Often when you go through a Social Security Disability appeal, there’ll be a vocational expert (VE) who provides testimony at the hearing. These people specialize in what level of physical and mental exertion is required for various jobs and can basically say whether or not you’re able to continue to work based on what you’re qualified for and the jobs that are available. Their testimony is very important and can convince an Administrative Law Judge leaning one way or the other to either award you benefits or deny your claim.
Recently, though, I’ve read some troubling accounts of judges relying on findings not from vocational expert testimony, but from something called the “Vocational Consultant’s Form.”

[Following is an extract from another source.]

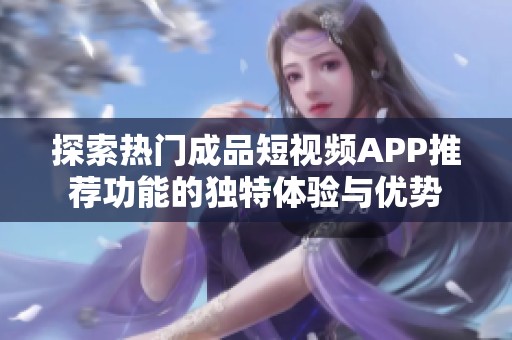 探索热门成品短视频APP推荐功能的独特体验与优势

Problems with the Vocational Consultant’s Form
Unfortunately, there are a number of big issues when it comes to this form, and it’s important that you have your representative fight back if the ALJ for your hearing uses one to make his or her decision. What are some of the issues?
Cross-examination must be allowed. Many times where the judge simply uses this form, the consultant in question isn’t present and it’s the sole piece of evidence available. Courts have reversed denials in situations like this, even when there were jobs available that the claimant in question might have potentially been able to perform. The opportunity to cross-examine consultants and experts must be given.
Expertise must be proven. Anyone can sign off on a vocational consultant’s form. A claimant’s representative who was recently facing just such a denial realized during the appeal that the person who wrote and signed off on the form wasn’t an expert or even a consultant – they were just a DDS disability examiner!
Occupations need to be listed. If an expert or consultant argues that there are plenty of jobs that the claimant could do, they have to be able to detail what those occupations are. Often on forms like these, that doesn’t happen.
All limitations have to be addressed. Another issue with VC forms is that person filling them out frequently neglects some aspect of the claimant’s disability when making their argument. Naturally, this should make the argument invalid.
It doesn’t apply in non-extertional cases. If a claimant is suffering from a non-exertional disability, the guidelines clearly say that the ALJ has to get vocational testimony from an expert before making a ruling.